Peter Gray is the owner and proprietor of Renaissance Books in downtown Victoria, British Columbia, Canada just a short walk from the picturesque inner harbour. The shop itself is tucked away in an alley (the poorly-named Commercial Alley - Gray's is the only shop there) off a courtyard of shops and restaurants called Bastion Square. Somewhat hidden from sight, Renaissance can be tricky to spot if you don't know to look for it, and Gray misses a lot of foot traffic as a result, despite having posted signs outside the alley. Gray has been a member of the AbeBooks bookselling community since 1998, just two years after AbeBooks' inception.
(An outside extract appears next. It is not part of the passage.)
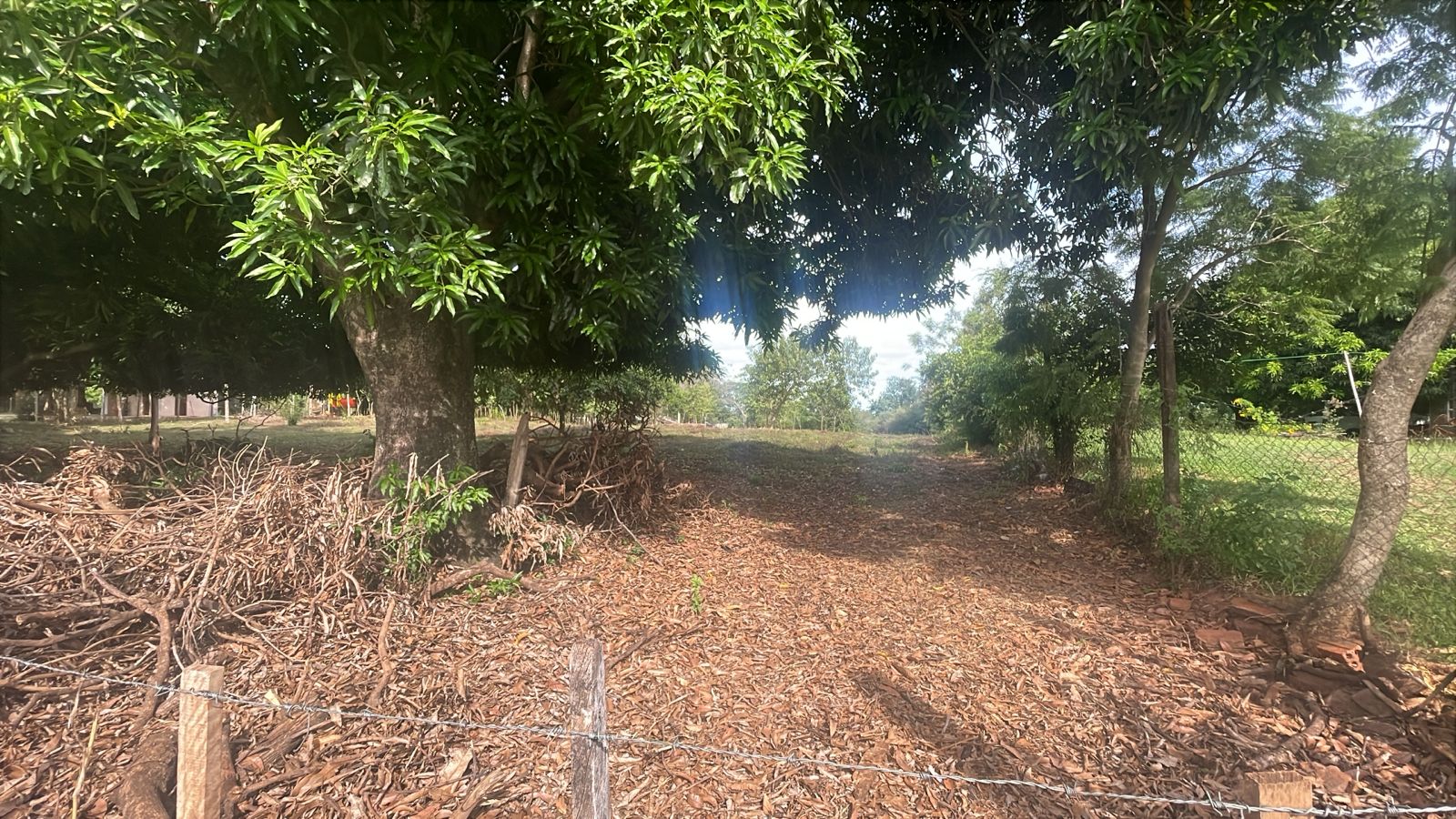 HERMOSO TERRENO EN  VENTA  - ZONA CAAGUAZO. SHY — foto 3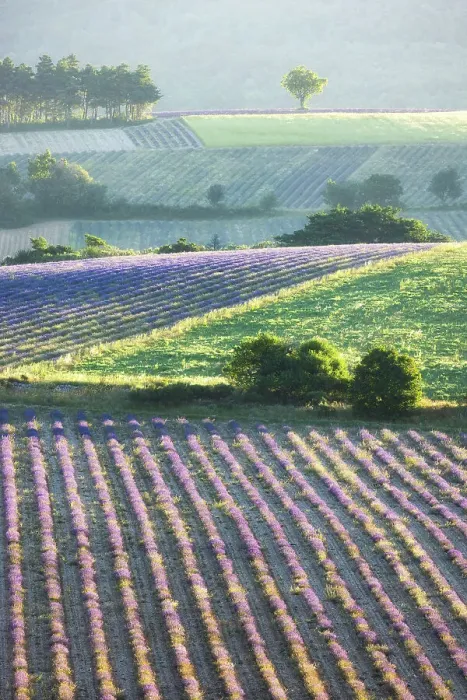 Framed Print : Lavender fields in early morning sunlight, near Sault, Provence, France Framed Print : Lavender fields in early morning sunlight, near Sault, Provence, France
He remembers talking with the founders about their idea, before the web site ever came to pass.
We took a field trip to Renaissance, to tour the shop and see some beautiful books. Gray was kind enough to tell us about being a bookseller in his own words, and about his rarest finds (signed Langston Hughes, or one of George MacDonald's scarcest titles The Tragedie of Hamlet, prince of Denmarke which is warmly inscribed and signed by the author), most longed-for finds (a signed first edition copy of Joyce’s Ulysses) and his favourites in his personal collection (some Cormac McCarthy first editions that McCarthy graciously inscribed when visiting Renaissance). The shop itself is pleasing - full of enough books to be exciting, but organized enough to be comfortable. And it has that good book smell. Read on for all about being a bookseller, in Gray's own words.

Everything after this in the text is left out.